Tackling the threat of nuclear terrorism

BMJ

The only effective way to tackle the threat of nuclear terrorism is to abolish nuclear weapons and establish strict international control of all fissile materials that could be used to make new weapons, argue three US physicians in this week's BMJ.

In the aftermath of 11 September 2001, nuclear terrorism has emerged as a real threat and could take several forms, from an attack on nuclear power plants and reactors to the detonation of a nuclear bomb in an urban area, write the authors.

Using computer technology, they have calculated the potential impact of a major nuclear explosion at ground level in New York City. The blast and thermal effects of such an explosion would kill 52,000 people instantly, and direct radiation would cause 44,000 cases of radiation sickness, of which 10,000 would be fatal. Radiation from fallout would kill another 200,000 people and cause several hundred thousand additional cases of radiation sickness. In the wake of such an attack, the ability to aid survivors would be very limited.
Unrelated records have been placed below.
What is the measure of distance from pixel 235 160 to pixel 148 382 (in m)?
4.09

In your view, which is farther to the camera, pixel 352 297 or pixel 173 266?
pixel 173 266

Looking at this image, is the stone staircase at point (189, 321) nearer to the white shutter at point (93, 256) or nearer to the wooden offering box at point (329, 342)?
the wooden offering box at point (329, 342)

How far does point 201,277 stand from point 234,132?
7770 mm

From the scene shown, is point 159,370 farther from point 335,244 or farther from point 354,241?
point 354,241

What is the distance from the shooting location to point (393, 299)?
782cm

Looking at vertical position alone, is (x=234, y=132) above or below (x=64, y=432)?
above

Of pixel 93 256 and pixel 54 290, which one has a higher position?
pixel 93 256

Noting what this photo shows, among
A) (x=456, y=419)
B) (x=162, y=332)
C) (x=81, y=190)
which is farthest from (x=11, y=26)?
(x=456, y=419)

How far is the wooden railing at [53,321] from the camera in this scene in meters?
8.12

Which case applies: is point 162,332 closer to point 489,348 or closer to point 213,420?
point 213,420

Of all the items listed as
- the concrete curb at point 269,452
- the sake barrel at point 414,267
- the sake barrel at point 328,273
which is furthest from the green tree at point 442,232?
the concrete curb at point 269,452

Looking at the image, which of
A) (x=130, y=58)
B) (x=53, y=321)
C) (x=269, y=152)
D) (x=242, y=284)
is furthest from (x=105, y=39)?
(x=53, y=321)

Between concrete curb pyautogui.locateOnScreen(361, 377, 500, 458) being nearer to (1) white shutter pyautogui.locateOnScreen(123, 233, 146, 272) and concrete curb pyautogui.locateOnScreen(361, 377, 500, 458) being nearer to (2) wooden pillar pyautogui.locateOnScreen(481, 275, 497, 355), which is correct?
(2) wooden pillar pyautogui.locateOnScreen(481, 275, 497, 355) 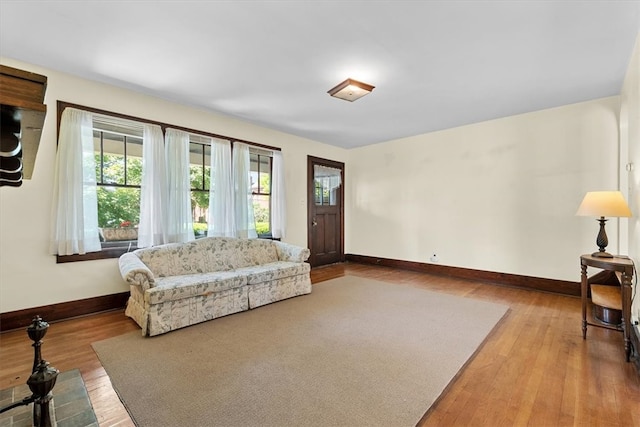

The international community urgently needs to expand its effort to secure existing stockpiles of nuclear weapons and materials, particularly in Russia, Pakistan, and India. The efforts of the al-Qaeda network to obtain nuclear weapons or weapons grade nuclear materials are particularly worrying, say the authors.

Achieving this goal must be among the most urgent of all public health priorities, they conclude.